▸ WHAT THE TASK REQUIRES
Report the count of lines in the records that contain "Pattern", without any added text.

BEGIN

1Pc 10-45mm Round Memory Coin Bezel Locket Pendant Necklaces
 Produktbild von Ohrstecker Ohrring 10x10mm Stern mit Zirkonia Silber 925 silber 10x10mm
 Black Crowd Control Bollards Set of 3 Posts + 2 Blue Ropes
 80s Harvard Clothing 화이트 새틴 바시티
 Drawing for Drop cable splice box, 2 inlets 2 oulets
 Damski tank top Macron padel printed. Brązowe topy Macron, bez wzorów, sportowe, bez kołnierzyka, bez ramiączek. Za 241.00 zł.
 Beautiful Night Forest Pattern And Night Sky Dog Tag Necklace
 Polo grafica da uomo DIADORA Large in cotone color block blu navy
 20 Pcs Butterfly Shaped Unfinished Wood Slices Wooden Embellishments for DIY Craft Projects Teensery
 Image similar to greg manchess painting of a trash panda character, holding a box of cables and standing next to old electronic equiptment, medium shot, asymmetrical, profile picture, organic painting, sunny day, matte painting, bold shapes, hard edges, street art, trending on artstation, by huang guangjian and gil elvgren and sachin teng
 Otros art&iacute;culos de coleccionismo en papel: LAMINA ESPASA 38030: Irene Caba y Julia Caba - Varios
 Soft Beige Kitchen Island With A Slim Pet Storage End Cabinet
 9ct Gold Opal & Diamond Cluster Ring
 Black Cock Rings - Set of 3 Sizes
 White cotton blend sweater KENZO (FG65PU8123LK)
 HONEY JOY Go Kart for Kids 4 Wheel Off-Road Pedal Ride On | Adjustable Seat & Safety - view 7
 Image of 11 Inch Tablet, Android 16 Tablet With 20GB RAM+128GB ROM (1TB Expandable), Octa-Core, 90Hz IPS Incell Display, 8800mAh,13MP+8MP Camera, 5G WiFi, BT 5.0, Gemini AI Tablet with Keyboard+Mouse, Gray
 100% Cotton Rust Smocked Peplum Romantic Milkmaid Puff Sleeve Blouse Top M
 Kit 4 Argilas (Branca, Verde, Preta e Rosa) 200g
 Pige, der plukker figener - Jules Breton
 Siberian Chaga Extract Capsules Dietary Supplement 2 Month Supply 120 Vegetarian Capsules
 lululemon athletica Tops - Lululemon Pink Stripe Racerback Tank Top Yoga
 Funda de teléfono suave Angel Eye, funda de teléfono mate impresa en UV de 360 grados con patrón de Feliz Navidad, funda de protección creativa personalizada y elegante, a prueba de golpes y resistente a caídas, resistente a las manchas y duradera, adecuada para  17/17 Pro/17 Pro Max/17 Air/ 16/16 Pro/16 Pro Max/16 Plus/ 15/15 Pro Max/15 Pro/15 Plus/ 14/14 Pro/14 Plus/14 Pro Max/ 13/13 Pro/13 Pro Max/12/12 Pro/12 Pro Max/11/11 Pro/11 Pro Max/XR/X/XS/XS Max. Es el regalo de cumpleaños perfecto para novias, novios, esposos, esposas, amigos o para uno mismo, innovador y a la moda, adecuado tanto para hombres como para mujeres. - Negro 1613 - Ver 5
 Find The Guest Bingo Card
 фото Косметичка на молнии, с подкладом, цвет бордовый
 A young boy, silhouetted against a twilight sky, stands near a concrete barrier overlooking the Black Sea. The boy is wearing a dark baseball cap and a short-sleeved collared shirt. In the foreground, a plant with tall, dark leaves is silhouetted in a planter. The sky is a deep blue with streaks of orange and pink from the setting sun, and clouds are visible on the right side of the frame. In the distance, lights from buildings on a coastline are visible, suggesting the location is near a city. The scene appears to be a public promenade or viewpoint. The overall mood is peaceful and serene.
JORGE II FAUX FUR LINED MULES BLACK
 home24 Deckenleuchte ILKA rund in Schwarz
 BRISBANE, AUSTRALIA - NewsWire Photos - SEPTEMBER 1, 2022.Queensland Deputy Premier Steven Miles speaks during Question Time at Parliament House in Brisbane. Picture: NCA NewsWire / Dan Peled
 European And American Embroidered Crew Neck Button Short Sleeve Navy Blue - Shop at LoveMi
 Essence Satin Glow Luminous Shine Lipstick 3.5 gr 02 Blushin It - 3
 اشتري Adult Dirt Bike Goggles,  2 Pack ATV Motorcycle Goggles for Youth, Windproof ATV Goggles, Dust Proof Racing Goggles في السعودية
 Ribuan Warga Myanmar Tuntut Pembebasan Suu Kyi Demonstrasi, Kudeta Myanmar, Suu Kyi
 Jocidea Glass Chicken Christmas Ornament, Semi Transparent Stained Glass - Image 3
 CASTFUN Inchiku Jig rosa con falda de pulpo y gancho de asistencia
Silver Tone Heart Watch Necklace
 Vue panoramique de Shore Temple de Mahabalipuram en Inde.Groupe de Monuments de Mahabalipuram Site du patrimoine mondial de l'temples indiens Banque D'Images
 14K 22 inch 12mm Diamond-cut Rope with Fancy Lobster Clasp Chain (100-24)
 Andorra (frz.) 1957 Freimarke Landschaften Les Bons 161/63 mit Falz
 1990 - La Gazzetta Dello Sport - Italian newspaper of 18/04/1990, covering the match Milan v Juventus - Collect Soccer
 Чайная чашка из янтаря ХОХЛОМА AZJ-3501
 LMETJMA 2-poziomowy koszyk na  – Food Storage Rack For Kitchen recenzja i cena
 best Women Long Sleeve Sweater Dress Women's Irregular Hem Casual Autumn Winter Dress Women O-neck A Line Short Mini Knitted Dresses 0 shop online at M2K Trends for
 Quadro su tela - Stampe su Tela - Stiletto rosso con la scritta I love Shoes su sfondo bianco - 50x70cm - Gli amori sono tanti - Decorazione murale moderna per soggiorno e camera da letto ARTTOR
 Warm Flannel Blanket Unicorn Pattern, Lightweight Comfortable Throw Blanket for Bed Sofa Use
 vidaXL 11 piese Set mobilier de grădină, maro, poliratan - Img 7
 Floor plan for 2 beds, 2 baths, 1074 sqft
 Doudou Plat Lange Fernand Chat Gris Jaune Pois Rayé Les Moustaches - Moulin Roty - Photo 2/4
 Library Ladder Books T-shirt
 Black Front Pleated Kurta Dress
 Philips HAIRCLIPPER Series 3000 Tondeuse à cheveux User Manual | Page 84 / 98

END

▸ EXPECTED ANSWER
2